_Task description_
Would you reproduce, without any alteration, the lines from the opening line of the entries through the line that has "Trzech sympatycznych muzyków i ich akordeony" in it?
──────── Data extract
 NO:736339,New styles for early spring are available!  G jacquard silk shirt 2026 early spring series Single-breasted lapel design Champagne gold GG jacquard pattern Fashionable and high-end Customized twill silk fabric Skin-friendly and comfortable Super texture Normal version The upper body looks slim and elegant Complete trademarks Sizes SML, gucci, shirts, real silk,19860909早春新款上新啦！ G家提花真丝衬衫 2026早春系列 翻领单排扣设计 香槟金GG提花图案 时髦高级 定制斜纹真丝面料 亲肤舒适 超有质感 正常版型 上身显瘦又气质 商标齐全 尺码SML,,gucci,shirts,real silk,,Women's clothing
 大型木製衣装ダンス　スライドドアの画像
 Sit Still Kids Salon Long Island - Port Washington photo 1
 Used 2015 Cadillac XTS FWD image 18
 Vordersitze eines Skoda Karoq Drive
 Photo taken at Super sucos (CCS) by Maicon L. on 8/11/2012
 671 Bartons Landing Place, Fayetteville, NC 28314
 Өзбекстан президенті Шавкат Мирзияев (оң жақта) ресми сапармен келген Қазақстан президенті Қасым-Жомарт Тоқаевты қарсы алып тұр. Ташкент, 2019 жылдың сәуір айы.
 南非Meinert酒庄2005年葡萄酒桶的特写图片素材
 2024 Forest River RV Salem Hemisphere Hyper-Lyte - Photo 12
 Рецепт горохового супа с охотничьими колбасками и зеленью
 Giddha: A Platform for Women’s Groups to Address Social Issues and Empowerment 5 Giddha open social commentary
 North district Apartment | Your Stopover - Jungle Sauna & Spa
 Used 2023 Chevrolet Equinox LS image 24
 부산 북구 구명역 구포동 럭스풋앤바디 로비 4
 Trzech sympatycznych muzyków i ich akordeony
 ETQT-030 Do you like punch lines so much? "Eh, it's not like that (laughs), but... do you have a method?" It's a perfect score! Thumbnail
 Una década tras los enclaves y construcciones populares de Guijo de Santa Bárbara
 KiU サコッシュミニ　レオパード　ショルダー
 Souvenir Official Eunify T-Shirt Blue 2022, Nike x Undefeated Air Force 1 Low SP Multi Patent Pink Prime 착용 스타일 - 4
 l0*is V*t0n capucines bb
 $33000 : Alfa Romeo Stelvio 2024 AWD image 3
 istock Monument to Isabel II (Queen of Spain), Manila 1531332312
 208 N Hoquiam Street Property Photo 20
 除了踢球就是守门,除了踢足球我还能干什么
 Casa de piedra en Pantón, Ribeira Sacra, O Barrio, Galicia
────────────────
_Reply_
 NO:736339,New styles for early spring are available!  G jacquard silk shirt 2026 early spring series Single-breasted lapel design Champagne gold GG jacquard pattern Fashionable and high-end Customized twill silk fabric Skin-friendly and comfortable Super texture Normal version The upper body looks slim and elegant Complete trademarks Sizes SML, gucci, shirts, real silk,19860909早春新款上新啦！ G家提花真丝衬衫 2026早春系列 翻领单排扣设计 香槟金GG提花图案 时髦高级 定制斜纹真丝面料 亲肤舒适 超有质感 正常版型 上身显瘦又气质 商标齐全 尺码SML,,gucci,shirts,real silk,,Women's clothing
 大型木製衣装ダンス　スライドドアの画像
 Sit Still Kids Salon Long Island - Port Washington photo 1
 Used 2015 Cadillac XTS FWD image 18
 Vordersitze eines Skoda Karoq Drive
 Photo taken at Super sucos (CCS) by Maicon L. on 8/11/2012
 671 Bartons Landing Place, Fayetteville, NC 28314
 Өзбекстан президенті Шавкат Мирзияев (оң жақта) ресми сапармен келген Қазақстан президенті Қасым-Жомарт Тоқаевты қарсы алып тұр. Ташкент, 2019 жылдың сәуір айы.
 南非Meinert酒庄2005年葡萄酒桶的特写图片素材
 2024 Forest River RV Salem Hemisphere Hyper-Lyte - Photo 12
 Рецепт горохового супа с охотничьими колбасками и зеленью
 Giddha: A Platform for Women’s Groups to Address Social Issues and Empowerment 5 Giddha open social commentary
 North district Apartment | Your Stopover - Jungle Sauna & Spa
 Used 2023 Chevrolet Equinox LS image 24
 부산 북구 구명역 구포동 럭스풋앤바디 로비 4
 Trzech sympatycznych muzyków i ich akordeony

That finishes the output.